Data block section start

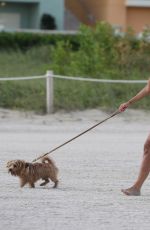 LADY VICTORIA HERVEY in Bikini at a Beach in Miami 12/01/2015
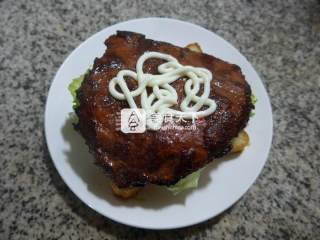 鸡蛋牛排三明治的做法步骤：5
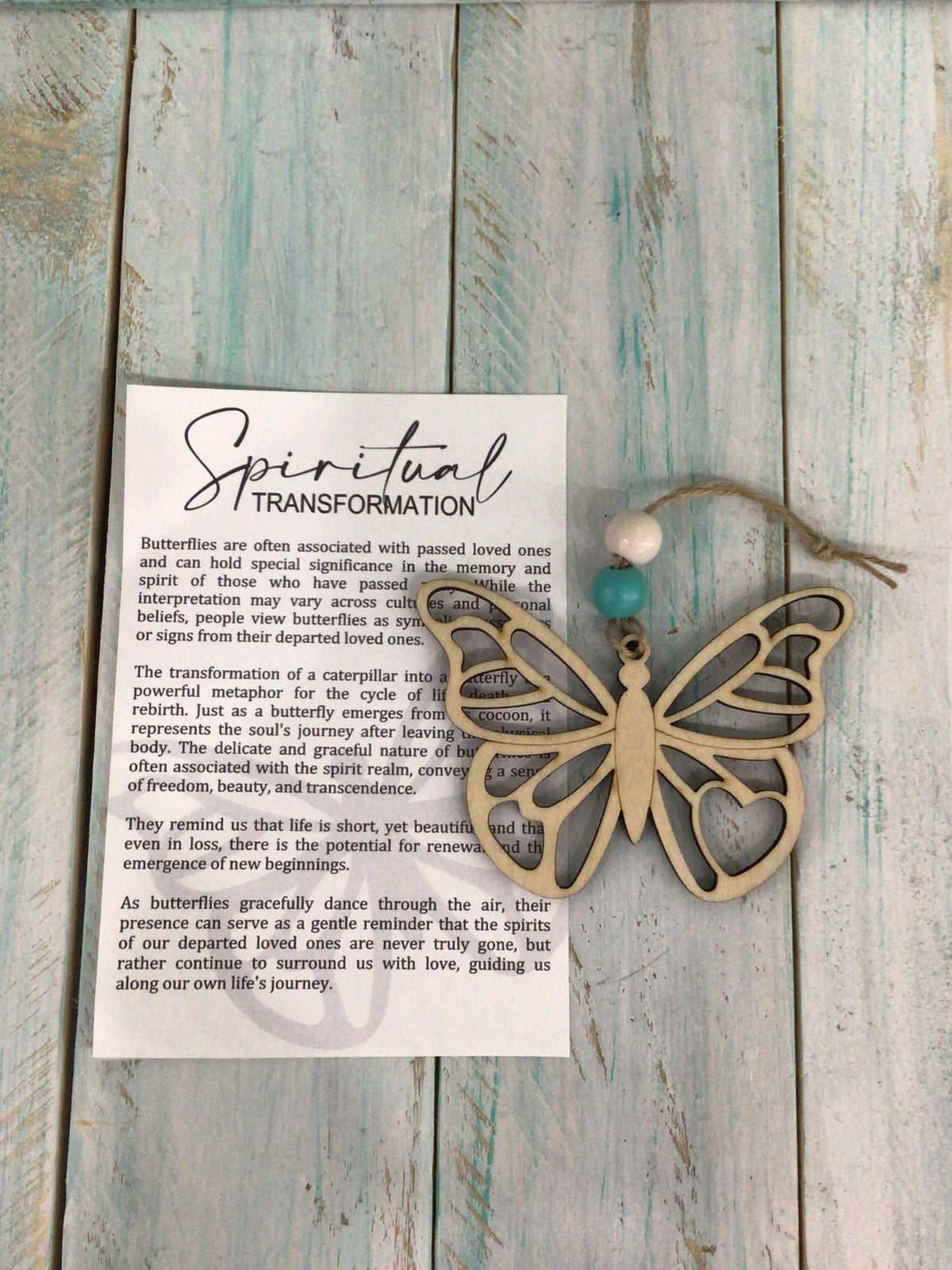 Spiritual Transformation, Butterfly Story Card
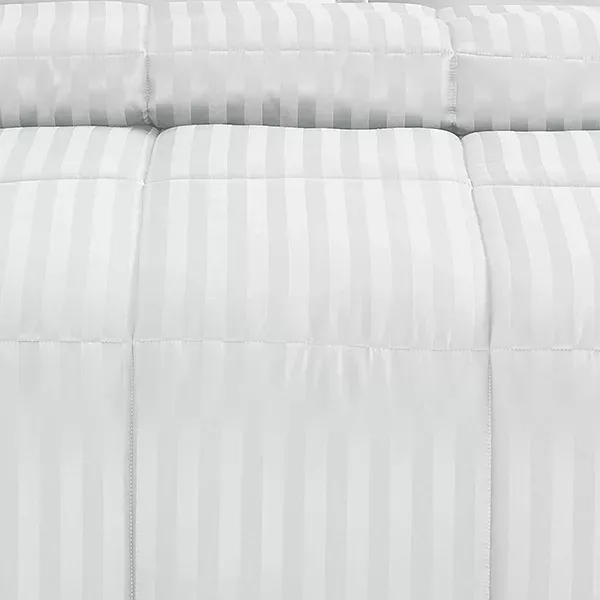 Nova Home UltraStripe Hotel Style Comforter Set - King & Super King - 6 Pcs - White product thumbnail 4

Data block section end

§ What you need to do
Could you output the entire listing verbatim while omitting its pictures?

§ Answer below
 LADY VICTORIA HERVEY in Bikini at a Beach in Miami 12/01/2015
 鸡蛋牛排三明治的做法步骤：5
 Spiritual Transformation, Butterfly Story Card
 Nova Home UltraStripe Hotel Style Comforter Set - King & Super King - 6 Pcs - White product thumbnail 4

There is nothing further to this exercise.